We are currently ingesting multiple documents from 3-4 sources into a single Class. We would like users of our RAG application to choose which of the sources to use for grounding answers.
Our proposed solution would be to use filters at query time to get relevant chunks. We worry that having a single Class, with nightly delta loads to update the chunks might be too instable. (We’ve had issues with delete operations corrupting a Class)
Is there a best practice, for this particular setup?
Regarding your question, you could treat each document as a tenant, or a separate collection, however, it wouldn’t be possible to let the user to select for more than one of those documents to perform a query.
With that said, having a property to filter on document is usually the best approach.
We are currently using version 1.25.4, and has since had a “corruption” issue again. Our delta load runs every hour, and does a “delete_many” operation from the Python library (V. 4.5.2). Seemingly randomly the collection becomes corrupted, and will return
“Query call with protocol GRPC search failed with message explorer: get class: vector search: object vector search at index xyz: shard xyz_6vkltMpybcdF: vector search: entrypoint was deleted in the object store, it has been flagged for cleanup and should be fixed in the next cleanup cycle”

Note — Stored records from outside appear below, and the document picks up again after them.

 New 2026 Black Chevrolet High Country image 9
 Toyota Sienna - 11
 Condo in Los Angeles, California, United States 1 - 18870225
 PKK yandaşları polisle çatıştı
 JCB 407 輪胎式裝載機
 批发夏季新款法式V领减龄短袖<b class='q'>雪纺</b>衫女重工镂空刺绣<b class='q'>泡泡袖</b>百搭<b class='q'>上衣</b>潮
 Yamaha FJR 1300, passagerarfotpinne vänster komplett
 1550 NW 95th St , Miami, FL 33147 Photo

If i check the logs in k8s i can also find this operation;
{“action”:“hybrid”,“error”:“explorer: get class: vector search: object vector search at index xyz: remote shard 6vkltMpybcdF: status code: 500, error: shard xyz_6vkltMpybcdF: vector search: entrypoint was deleted in the object store, it has been flagged for cleanup and should be fixed in the next cleanup cycle\n: context deadline exceeded”,“level”:“error”,“msg”:“denseSearch failed”,“time”:“2024-07-05T11:13:40Z”}
This happened friday, and if i try to query the collection now it will still throw the same error.
What do you propose here for settings with regards to tombstone? We are okay with deleting often if it means we can avoid this “corruption” issue
I just checked again and we are actually using version 1.25.6 where this problem occur. What kind of value would you recommend for TOMBSTONE_DELETION_MAX_PER_CYCLE? Its a fairly small cluster (for now) so we only have ~ 10k object shards on each node.

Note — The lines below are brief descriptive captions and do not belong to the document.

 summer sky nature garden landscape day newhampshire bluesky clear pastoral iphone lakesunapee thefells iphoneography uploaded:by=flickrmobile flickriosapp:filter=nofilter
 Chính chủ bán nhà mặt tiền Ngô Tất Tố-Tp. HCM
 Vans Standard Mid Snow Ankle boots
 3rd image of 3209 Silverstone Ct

Maximum number of tombstones to delete per cleanup cycle. Set this to limit cleanup cycles, as they are resource-intensive. As an example, set a maximum of 10000000 (10M) for a cluster with 300 million-object shards. (Default: none)
10k objects isn’t that much to consume significant resources to degrade performance.

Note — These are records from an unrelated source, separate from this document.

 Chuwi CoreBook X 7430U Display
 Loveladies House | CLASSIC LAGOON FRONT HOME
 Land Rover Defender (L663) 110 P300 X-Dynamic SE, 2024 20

That sounds good @DudaNogueira. Do you have any other idea why we end up with the corrupted collection/shard then? The only fix is essentially to delete the collection and recreate it - but eventually it happens again.
That sounds great @DudaNogueira. We are at 1.25.6 currently (helm version 17.1.0). I would like to upgrade to 1.25.7, but there are not helmchart with that version yet.